• **Stored entries**:
• • • • • • •

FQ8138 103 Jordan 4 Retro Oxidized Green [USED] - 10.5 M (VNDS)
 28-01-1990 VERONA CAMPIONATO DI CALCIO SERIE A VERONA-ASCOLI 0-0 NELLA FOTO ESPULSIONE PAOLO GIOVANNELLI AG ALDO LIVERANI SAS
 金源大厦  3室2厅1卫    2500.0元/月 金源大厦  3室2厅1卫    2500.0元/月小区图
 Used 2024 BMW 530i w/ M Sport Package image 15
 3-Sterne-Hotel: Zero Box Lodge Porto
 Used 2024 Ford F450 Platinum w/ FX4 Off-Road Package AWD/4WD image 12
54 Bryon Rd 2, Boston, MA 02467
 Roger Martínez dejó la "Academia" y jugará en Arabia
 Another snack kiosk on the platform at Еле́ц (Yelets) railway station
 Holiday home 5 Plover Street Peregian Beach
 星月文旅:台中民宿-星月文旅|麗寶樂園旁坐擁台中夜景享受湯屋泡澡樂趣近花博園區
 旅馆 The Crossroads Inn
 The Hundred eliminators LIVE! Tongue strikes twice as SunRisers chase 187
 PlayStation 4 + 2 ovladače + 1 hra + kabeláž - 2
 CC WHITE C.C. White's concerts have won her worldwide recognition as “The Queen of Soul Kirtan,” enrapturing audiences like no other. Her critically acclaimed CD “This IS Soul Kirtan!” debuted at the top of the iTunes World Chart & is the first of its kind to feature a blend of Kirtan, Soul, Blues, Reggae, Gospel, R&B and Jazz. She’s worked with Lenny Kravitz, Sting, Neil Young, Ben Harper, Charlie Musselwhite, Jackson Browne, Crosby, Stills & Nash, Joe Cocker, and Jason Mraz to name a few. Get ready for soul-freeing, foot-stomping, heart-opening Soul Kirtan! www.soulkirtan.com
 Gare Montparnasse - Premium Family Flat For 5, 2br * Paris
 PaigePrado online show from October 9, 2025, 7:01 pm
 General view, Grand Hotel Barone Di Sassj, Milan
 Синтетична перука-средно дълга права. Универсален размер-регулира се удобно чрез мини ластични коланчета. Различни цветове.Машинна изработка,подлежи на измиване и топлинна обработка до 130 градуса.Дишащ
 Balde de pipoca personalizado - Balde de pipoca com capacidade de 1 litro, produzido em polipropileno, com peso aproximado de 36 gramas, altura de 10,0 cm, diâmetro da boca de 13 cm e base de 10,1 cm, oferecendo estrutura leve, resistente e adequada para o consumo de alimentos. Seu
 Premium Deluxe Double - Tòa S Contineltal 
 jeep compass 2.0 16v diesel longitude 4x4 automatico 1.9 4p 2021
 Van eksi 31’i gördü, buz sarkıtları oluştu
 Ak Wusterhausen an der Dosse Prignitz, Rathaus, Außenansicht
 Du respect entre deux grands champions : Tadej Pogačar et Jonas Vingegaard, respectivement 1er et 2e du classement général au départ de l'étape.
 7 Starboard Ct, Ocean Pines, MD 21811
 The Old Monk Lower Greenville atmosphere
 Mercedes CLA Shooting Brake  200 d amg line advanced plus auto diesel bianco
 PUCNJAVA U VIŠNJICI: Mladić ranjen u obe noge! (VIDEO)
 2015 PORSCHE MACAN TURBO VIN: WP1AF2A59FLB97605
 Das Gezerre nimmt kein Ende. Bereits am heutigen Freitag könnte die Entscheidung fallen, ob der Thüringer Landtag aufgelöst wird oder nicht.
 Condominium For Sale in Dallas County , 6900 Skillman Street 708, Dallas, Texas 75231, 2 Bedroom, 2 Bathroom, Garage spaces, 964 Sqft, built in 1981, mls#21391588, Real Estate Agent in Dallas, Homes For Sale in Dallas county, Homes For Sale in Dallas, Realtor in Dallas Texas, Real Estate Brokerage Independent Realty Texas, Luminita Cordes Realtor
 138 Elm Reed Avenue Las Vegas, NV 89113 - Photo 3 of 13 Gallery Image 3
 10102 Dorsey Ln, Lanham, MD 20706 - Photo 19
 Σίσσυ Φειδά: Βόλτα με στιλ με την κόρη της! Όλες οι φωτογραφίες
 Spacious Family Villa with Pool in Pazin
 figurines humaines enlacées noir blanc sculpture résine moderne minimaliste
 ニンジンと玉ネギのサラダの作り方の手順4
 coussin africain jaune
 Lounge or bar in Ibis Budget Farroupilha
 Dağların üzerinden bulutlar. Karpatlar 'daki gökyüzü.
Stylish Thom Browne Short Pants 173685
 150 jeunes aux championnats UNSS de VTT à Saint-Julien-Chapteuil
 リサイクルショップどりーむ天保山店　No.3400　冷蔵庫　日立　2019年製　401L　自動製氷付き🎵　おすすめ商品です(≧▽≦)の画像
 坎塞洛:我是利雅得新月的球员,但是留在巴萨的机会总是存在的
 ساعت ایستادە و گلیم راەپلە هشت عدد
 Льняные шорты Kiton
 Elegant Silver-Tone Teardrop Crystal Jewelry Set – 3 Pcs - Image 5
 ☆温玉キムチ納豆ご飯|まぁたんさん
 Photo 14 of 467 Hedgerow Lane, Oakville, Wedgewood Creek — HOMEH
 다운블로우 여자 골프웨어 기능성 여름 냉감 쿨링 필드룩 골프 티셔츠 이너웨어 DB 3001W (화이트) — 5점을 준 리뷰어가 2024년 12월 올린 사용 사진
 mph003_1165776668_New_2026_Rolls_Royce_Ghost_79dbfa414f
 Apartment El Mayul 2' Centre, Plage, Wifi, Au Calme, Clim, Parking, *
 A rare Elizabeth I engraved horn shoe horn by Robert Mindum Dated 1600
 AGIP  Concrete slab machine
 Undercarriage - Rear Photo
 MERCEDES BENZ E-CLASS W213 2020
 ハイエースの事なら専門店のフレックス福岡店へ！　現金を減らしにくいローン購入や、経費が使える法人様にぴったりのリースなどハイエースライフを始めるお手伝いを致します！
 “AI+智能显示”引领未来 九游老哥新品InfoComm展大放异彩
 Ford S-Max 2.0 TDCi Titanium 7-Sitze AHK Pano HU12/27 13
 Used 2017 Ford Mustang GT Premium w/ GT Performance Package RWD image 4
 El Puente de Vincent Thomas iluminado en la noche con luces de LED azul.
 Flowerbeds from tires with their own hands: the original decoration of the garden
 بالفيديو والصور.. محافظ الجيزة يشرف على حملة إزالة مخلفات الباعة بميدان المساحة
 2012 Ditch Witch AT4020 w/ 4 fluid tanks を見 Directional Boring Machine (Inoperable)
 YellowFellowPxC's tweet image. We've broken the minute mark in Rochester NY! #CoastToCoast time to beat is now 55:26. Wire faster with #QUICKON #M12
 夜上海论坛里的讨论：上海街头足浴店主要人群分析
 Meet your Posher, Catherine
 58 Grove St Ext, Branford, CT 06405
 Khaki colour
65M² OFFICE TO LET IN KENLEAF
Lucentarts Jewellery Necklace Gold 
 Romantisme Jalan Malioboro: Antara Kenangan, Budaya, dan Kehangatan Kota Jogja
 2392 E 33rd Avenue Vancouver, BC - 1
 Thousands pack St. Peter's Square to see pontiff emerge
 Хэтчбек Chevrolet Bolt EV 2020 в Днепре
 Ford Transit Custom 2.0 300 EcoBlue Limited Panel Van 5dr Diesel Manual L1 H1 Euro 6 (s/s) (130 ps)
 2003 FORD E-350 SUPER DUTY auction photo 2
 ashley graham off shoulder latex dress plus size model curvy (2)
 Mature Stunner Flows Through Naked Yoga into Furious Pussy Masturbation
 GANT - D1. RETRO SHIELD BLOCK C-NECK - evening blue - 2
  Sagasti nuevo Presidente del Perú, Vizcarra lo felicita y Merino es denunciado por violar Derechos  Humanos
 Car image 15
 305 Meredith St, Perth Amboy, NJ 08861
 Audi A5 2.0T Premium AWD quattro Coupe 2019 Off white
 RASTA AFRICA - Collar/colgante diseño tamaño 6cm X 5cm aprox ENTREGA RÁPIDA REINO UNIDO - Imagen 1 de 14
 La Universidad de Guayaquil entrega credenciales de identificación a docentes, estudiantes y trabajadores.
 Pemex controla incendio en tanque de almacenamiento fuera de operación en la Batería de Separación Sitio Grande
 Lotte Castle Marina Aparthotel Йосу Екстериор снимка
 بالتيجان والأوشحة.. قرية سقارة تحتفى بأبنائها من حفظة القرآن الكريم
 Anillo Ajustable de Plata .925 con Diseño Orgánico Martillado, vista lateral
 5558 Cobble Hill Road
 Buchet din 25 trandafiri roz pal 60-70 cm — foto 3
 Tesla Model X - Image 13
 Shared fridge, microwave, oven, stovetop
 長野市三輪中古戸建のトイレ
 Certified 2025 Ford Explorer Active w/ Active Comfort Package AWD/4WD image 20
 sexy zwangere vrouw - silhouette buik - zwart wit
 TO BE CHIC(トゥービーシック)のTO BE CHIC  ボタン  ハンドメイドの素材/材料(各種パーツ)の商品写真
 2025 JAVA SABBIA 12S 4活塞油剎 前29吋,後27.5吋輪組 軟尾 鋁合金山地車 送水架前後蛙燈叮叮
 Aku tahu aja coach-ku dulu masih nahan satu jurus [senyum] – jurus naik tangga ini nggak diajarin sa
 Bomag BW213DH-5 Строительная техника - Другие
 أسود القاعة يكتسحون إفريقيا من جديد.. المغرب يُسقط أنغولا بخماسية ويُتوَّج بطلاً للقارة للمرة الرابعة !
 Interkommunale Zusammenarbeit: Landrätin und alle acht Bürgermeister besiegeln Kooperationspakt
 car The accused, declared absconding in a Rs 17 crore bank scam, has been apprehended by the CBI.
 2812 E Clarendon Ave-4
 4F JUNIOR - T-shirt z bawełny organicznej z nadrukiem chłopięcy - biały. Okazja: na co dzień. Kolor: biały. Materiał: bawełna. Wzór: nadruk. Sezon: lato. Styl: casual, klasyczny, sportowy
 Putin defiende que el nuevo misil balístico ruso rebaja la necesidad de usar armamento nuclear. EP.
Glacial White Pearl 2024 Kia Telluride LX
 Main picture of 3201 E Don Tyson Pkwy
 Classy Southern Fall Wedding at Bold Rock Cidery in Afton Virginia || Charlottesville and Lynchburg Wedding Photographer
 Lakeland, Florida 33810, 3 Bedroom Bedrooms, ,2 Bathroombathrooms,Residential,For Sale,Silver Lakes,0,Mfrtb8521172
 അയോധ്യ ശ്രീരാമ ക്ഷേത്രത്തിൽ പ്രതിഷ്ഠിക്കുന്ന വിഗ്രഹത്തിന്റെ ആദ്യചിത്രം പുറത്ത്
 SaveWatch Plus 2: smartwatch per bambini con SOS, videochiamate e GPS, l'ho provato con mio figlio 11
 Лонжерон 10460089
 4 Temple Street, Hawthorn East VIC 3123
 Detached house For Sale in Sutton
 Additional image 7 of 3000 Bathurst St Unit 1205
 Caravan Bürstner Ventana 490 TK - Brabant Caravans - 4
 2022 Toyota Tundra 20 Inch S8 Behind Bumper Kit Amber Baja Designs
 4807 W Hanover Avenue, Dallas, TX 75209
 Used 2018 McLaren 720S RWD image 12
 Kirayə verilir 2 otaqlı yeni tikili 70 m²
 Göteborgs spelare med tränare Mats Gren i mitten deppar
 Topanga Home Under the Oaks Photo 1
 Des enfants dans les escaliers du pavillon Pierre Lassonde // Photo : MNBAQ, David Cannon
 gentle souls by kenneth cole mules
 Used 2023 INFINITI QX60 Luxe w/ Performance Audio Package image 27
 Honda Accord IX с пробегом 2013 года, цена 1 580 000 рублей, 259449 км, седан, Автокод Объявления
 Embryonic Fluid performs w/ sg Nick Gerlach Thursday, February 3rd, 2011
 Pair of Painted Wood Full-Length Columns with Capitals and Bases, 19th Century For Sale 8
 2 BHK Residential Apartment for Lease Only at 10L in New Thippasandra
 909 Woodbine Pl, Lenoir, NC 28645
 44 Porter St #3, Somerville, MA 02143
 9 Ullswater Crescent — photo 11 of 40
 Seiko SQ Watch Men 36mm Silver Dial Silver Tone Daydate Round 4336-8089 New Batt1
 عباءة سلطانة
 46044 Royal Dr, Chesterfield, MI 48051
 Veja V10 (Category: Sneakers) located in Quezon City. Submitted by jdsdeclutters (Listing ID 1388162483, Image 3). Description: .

• • • • • • •

• **What is being asked**:
Which of the lines above hold the string "Family"? Pick each of them out.

• **Result of the task**:
 Gare Montparnasse - Premium Family Flat For 5, 2br * Paris
 Spacious Family Villa with Pool in Pazin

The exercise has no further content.